§ Work instruction: Go to the line with "What Are The Parts Of The Cytoskeleton" in the material below and copy from there through the line with "Daftar 60 Nama", exactly. Pictures are not copied.

§ Supplied records:
((

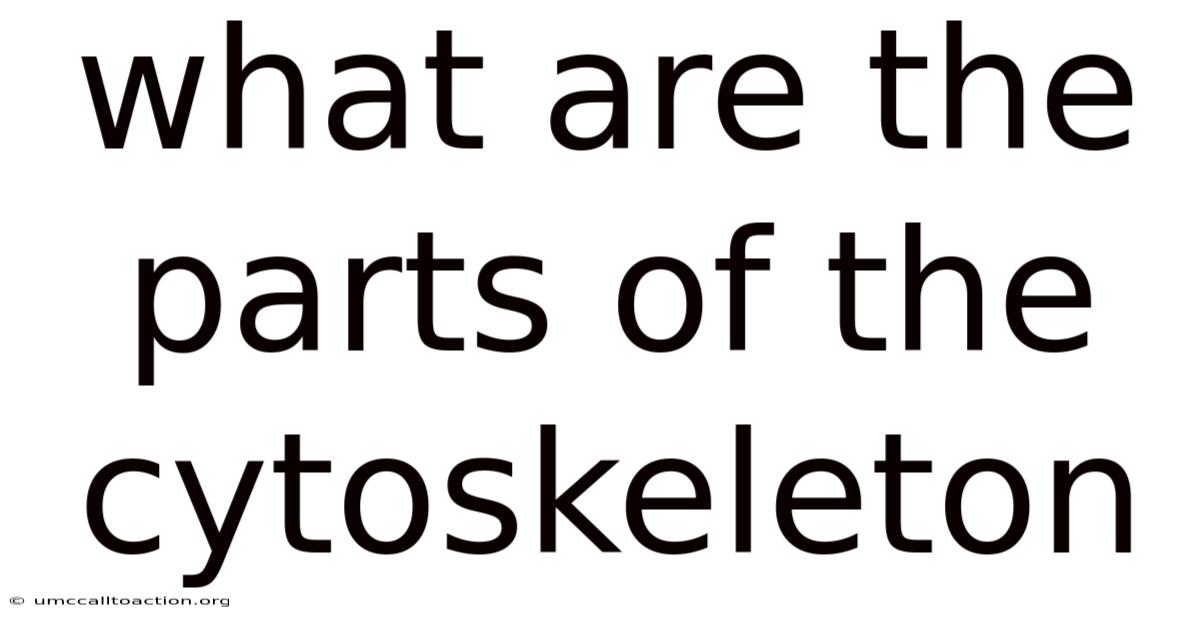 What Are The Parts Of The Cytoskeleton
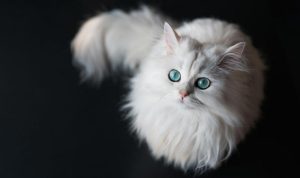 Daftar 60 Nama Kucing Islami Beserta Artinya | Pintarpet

))
((

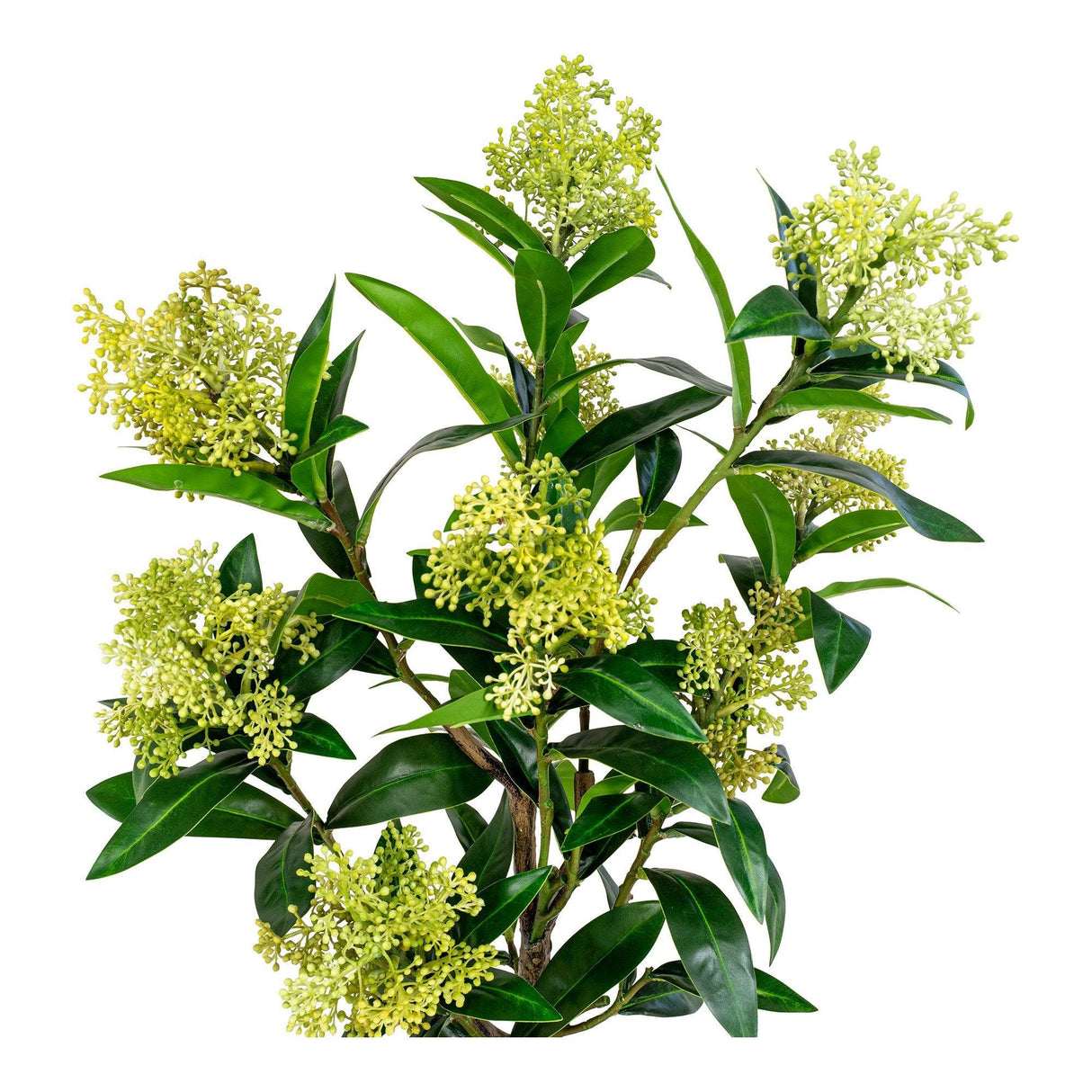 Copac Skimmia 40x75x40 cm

))
((

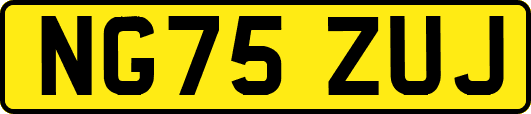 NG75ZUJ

))

§ Solution to this problem:
 What Are The Parts Of The Cytoskeleton
 Daftar 60 Nama Kucing Islami Beserta Artinya | Pintarpet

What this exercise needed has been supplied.